今、哲学を通して「正義について語ること」がNHKの仕掛けでブームになっている。背景には、経済的問題(リーマンショック、ギリシャ経済危機等)、政治的問題(EU統合、アラブの春、エネルギー問題等)、軍事的問題(イラク・アフガン戦争、人道的介入等)、いずれもが即座に国際的に影響するケースが多くなり、「何が正義か」を国や共同体の枠を超えて議論する必要が生じた。

石井先生は今回、マイケル・サンデルとアマルティア・センの正義論について類似点・相違点を含めて講義してくださった。

サンデルの議論の基本的構造は「功利主義」(最大多数の最大幸福)と「基本的権利」(少数で殺された者の権利)の間のジレンマを提示し、「美徳」(中庸の正義)の立場に立った解決を目指す。誰もが納得する「解決」は得られにくいが、同じ論理的構造をもつ問題については、具体的ケースに即して具体的条件を積み上げながら議論していくことによって「解決」は近づく。

サンデルの講義の特徴は、対話形式の授業(自ら議論に参加し、自分の頭で正義について考えている実感)と具体的・道徳的ジレンマ事例の分かりやすさと印象の強さ(難破したボートで1人を殺して食べることによって、他の3人が生き残ることは正当か、あるいはそれは殺される1人の基本的人権を侵すことになるか?)にある。

センの「正義についての提案」は、絶対的正義の制度保障(超越論的制度主義)を目指すのか、あるいは社会の中に現実に存在する明らかな不正義を減らす(比較論的アプローチ)ことを目指すのか。単一の正義の原理に基づく制度に支えられた「完全に正しい社会」を提示することはできない。

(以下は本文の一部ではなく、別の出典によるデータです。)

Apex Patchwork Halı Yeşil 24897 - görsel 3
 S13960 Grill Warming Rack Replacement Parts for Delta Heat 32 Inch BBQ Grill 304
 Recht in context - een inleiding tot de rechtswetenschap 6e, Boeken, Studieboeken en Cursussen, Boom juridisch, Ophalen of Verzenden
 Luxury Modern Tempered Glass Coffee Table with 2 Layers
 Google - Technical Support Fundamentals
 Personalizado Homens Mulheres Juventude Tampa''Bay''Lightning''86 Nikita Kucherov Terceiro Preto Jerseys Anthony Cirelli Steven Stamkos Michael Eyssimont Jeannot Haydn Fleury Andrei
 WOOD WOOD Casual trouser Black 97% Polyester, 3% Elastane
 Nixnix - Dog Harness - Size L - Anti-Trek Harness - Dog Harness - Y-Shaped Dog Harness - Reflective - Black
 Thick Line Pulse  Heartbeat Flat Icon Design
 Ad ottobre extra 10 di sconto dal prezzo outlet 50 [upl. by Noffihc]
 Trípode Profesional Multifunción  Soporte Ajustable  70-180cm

故に相対的に、より不正義の少ない社会を目指す「比較論的アプローチ」をとるしかない。社会的正義の判断は、意思決定の過程で、多様な情報と理性的議論に立脚する社会選択論である。今回の講義で感じたことは、絶対的な正義の概念によって物事、社会の在り方が形成されるのでなく、十分な情報と理性に基づく議論により、よりましな選択をすることにより社会が形成されていくことを学んだ。それが正義の本質なのかもしれない。